- [Required work]
Each line below is to be copied exactly; images do not go into the copy.

[Crawled caption data]
# # # #

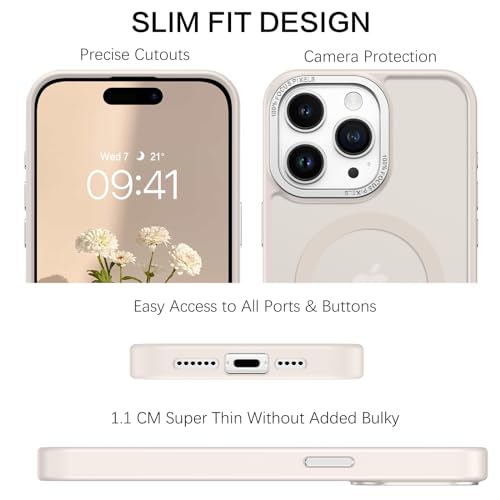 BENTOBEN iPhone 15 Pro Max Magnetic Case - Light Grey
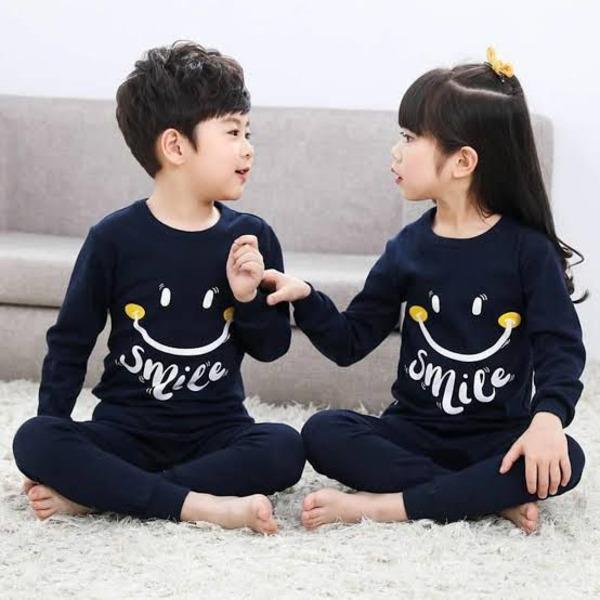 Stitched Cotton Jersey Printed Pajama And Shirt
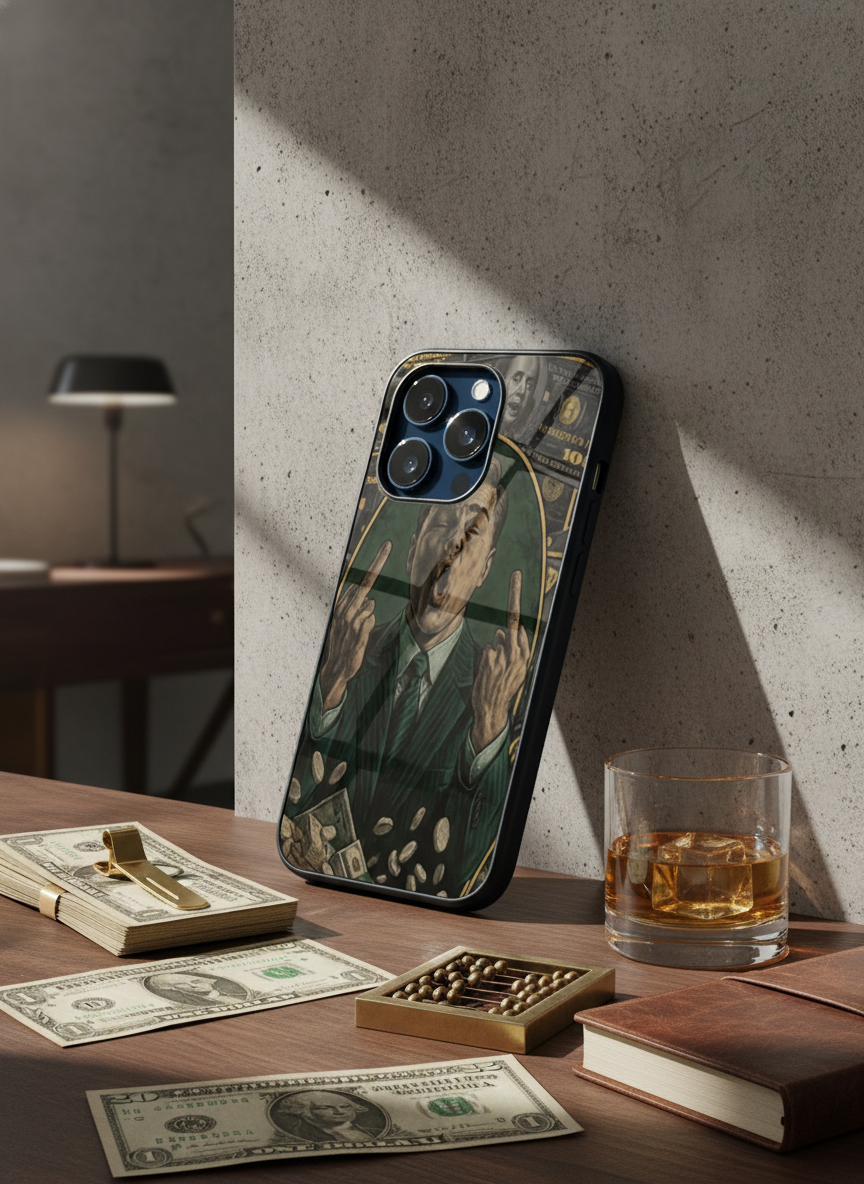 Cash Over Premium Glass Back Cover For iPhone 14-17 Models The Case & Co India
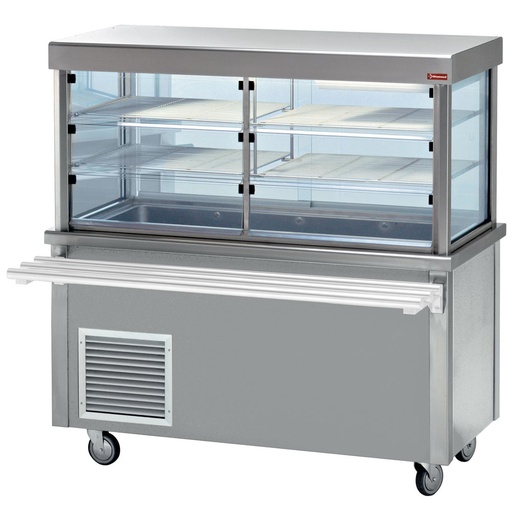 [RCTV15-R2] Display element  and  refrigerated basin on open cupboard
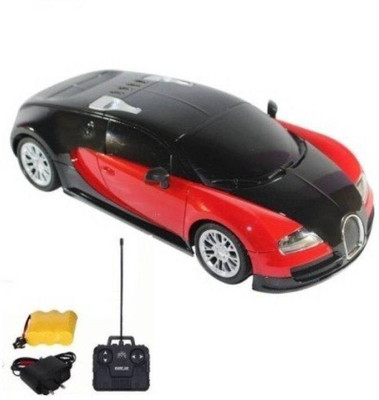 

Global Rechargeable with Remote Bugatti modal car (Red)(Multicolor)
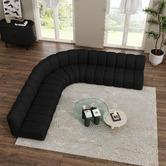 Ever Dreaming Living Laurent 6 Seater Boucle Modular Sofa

# # # #

- [Problem solution]
 BENTOBEN iPhone 15 Pro Max Magnetic Case - Light Grey
 Stitched Cotton Jersey Printed Pajama And Shirt
 Cash Over Premium Glass Back Cover For iPhone 14-17 Models The Case & Co India
 [RCTV15-R2] Display element  and  refrigerated basin on open cupboard

Global Rechargeable with Remote Bugatti modal car (Red)(Multicolor)
 Ever Dreaming Living Laurent 6 Seater Boucle Modular Sofa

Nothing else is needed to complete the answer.